A duck makes a good gift. A dead
duck. Neck full of bones. Tender,
she says. C’est très bien. The best
part. Her tongue slips,
even now, after so long. I ask
her if she misses France.
She hands me a duck & says
nothing. Later, in the kitchen,
I pull the wings apart at the joint,
peeling & smearing fat
& puckered skin, loosening
until they unhinge.
I slip my finger somewhere
between the sternum
& the inside of the ribs,
push through the dark hollow
of carcass & twist
the spine until it pops
at the vertebrae, body
in two. I pile
the pieces in a pot to simmer,
imagining my mother’s
hands as I work.

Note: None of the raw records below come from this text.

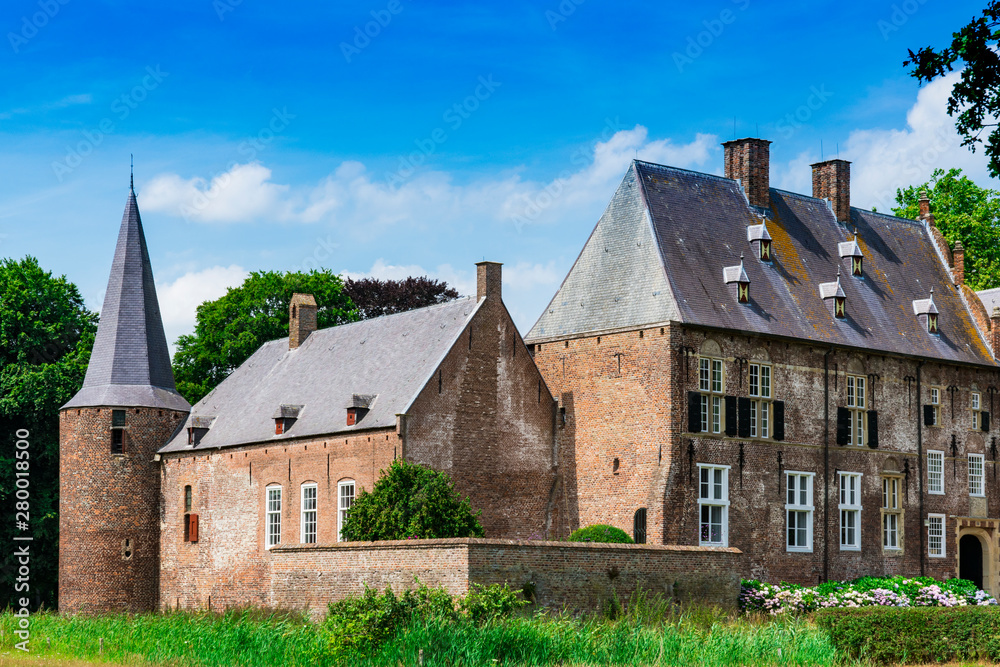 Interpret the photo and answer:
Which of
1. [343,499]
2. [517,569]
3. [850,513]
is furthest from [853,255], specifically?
[517,569]

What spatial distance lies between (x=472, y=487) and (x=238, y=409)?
10.0 meters

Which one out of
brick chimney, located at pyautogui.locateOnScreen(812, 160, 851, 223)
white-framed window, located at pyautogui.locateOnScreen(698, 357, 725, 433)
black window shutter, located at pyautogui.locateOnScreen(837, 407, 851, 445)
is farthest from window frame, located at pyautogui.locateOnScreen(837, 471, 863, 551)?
brick chimney, located at pyautogui.locateOnScreen(812, 160, 851, 223)

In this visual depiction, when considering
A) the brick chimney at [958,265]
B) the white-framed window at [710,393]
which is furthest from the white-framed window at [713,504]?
the brick chimney at [958,265]

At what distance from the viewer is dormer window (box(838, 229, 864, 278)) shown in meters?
37.5

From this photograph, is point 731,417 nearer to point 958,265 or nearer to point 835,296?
point 835,296

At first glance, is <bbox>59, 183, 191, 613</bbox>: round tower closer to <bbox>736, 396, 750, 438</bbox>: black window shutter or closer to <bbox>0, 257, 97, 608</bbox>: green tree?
<bbox>0, 257, 97, 608</bbox>: green tree

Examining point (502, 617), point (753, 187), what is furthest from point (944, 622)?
point (753, 187)

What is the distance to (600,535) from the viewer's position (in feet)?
96.7

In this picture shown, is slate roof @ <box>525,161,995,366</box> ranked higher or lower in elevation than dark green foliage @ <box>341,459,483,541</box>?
higher

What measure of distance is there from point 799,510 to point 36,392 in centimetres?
2352

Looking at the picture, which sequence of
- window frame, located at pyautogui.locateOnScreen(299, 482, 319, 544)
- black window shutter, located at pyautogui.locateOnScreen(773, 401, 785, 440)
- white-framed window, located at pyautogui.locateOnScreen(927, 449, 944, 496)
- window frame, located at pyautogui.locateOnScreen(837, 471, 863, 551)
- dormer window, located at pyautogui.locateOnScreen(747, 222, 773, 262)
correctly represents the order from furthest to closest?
white-framed window, located at pyautogui.locateOnScreen(927, 449, 944, 496) → dormer window, located at pyautogui.locateOnScreen(747, 222, 773, 262) → window frame, located at pyautogui.locateOnScreen(837, 471, 863, 551) → window frame, located at pyautogui.locateOnScreen(299, 482, 319, 544) → black window shutter, located at pyautogui.locateOnScreen(773, 401, 785, 440)

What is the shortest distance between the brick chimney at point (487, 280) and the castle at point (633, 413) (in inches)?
3.4

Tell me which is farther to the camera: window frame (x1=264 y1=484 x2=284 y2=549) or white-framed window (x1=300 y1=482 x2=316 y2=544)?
window frame (x1=264 y1=484 x2=284 y2=549)

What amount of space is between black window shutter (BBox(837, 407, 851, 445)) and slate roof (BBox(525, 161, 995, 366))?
69.4 inches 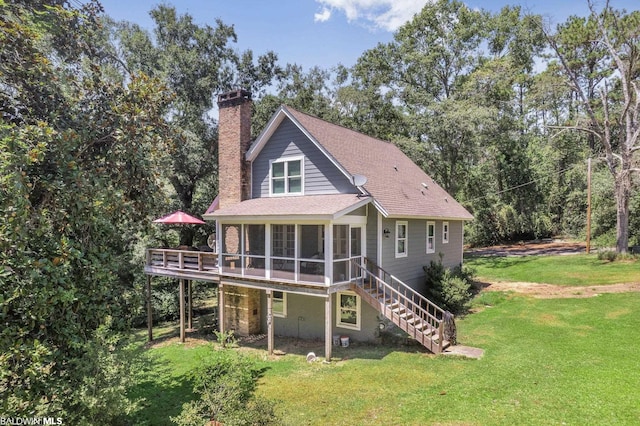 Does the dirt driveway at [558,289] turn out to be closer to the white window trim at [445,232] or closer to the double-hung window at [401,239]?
the white window trim at [445,232]

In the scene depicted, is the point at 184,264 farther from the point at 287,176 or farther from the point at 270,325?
the point at 287,176

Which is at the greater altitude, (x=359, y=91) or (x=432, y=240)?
(x=359, y=91)

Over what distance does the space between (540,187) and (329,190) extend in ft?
99.8

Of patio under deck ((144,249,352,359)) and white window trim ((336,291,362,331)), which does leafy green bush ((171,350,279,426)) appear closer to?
patio under deck ((144,249,352,359))

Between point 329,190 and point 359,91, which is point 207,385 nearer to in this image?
point 329,190

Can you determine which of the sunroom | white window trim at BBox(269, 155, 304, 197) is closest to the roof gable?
white window trim at BBox(269, 155, 304, 197)

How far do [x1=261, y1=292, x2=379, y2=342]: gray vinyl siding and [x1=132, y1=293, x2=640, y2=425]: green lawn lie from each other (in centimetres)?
76

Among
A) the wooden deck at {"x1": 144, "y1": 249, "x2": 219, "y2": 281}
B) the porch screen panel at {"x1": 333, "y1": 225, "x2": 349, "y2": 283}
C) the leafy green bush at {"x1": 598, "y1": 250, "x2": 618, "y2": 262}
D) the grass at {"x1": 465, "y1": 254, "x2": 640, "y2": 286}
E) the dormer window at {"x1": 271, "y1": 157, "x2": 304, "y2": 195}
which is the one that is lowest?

Slender & olive-
skinned. I know she worries
I do not have enough
so she taught herself to kill. I coil
the neck around the breast,
trying to make it fit. It bends
in a way mine could. My mother
says we do what we have to do.
The word mother gets stuck
in her throat like a bone.
Audrey Gidman is a queer poet living in Maine. Her poems can be found or are forthcoming in SWWIM, Wax Nine, The Inflectionist Review, The Shore, Luna Luna, Rogue Agent, The West Review, and elsewhere. Her chapbook, body psalms, winner of the Elyse Wolf Prize, is forthcoming from Slate Roof Press. Twitter // @audreygidman.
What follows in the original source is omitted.